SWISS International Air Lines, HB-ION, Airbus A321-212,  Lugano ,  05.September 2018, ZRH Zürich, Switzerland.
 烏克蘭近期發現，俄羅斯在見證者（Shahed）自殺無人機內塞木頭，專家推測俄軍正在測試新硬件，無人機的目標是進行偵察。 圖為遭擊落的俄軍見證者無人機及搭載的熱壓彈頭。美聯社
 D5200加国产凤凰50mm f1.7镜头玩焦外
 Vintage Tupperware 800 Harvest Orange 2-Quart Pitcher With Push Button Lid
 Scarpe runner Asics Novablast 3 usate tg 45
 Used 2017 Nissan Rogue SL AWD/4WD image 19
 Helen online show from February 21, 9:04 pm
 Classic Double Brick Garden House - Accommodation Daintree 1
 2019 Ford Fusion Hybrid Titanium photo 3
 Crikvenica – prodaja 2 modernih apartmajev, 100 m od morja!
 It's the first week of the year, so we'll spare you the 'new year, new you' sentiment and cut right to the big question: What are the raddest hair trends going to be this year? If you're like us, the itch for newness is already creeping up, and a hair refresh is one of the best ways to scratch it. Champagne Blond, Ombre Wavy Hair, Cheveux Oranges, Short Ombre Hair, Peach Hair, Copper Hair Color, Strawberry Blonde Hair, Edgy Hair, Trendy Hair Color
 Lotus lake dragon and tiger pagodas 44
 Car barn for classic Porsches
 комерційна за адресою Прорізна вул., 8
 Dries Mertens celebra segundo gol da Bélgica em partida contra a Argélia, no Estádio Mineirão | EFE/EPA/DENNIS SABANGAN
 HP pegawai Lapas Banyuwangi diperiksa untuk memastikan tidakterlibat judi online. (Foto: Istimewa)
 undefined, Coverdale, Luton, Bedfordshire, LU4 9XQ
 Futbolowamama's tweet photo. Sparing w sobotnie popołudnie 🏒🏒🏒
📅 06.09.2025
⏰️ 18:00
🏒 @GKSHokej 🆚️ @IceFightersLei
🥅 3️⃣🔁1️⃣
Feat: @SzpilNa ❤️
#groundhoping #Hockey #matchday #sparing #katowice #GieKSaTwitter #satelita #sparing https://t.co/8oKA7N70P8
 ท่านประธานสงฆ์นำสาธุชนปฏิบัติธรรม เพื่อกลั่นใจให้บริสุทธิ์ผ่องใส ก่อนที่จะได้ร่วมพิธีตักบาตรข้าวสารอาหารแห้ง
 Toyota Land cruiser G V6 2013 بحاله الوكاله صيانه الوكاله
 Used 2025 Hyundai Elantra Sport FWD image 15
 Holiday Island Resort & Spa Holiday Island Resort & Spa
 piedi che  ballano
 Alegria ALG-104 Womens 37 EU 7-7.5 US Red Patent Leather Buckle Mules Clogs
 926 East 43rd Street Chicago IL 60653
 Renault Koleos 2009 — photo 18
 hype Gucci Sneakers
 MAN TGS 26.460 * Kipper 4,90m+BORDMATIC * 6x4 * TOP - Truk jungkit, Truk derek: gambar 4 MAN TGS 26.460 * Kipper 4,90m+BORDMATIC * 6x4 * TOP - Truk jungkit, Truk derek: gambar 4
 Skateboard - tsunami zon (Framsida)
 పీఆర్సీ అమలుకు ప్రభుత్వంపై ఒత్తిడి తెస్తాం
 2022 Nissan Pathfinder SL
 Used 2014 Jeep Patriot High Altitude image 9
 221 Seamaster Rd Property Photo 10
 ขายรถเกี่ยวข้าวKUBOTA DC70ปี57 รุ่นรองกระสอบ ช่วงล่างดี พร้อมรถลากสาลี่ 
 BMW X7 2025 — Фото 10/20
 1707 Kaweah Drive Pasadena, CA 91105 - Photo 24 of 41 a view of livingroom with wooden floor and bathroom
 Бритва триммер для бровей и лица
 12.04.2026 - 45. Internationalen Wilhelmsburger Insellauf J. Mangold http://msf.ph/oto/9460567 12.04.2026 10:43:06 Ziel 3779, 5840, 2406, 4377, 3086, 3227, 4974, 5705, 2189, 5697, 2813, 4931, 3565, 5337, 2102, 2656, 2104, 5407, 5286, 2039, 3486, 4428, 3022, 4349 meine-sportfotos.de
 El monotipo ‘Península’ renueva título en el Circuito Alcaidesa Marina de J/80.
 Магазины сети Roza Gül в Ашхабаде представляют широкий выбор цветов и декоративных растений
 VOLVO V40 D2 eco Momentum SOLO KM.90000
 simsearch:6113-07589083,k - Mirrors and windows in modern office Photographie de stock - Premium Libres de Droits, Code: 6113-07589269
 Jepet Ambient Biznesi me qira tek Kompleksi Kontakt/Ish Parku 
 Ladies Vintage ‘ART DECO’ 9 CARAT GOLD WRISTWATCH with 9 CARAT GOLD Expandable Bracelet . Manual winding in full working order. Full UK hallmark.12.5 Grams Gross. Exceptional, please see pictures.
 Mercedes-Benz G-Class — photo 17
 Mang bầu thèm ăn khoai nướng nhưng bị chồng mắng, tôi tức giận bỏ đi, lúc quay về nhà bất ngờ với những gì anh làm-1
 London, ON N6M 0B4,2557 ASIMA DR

- _Exercise_
All lines with the word "Vintage" must be located in the data and copied.

- _Expected output_
 Vintage Tupperware 800 Harvest Orange 2-Quart Pitcher With Push Button Lid
 Ladies Vintage ‘ART DECO’ 9 CARAT GOLD WRISTWATCH with 9 CARAT GOLD Expandable Bracelet . Manual winding in full working order. Full UK hallmark.12.5 Grams Gross. Exceptional, please see pictures.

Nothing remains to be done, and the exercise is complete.